[JACK ALYMER]To keep the cannabis industry running in the U.S., the amount of energy needed is getting pretty high.

[Parks and Recreation]

Are you high?


The electricity required nationwide is equivalent to powering roughly 13.5 million homes.

Or about one percent of the entire country’s annual energy usage. And as the industry expands, that demand is expected to jump to 3 percent by 2035.

Utility providers are putting out the warning, saying growers could eventually demand as much power as a small city.

[40-Year-Old Virgin]

That’s a lot of weed.


Experts call cannabis the most energy-intensive crop in the U.S. Almost ninety percent of it is grown indoors, where it becomes a constant drain on the power grid.

Some of these grow rooms operate 24 hours a day, requiring up to 40 times more energy to care for than similar plants like lettuce.

[Man with a Plan]

The devil’s lettuce!


Portland, Oregon has seen so much indoor weed cultivation that it’s actually led to at least seven different power outages.

After weed was legalized in Colorado, almost half of Denver’s new power demand came from grow rooms. And in Massachusetts, a tenth of the state’s total power usage now goes towards growing weed indoors.

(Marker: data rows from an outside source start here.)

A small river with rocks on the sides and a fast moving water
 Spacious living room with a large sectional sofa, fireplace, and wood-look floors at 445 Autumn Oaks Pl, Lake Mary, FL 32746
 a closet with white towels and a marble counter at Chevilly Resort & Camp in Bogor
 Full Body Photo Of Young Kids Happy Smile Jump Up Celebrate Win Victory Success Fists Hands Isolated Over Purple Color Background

It’s an issue the National Conference of State Legislatures is keeping an eye on.

[Bob’s Burgers]

We have a terrible weed problem.


This group of lawmakers has said the link between cannabis cultivation and energy consumption is something that’s becoming increasingly relevant to their legislative agenda, especially as the number of states legalizing marijuana continues to grow.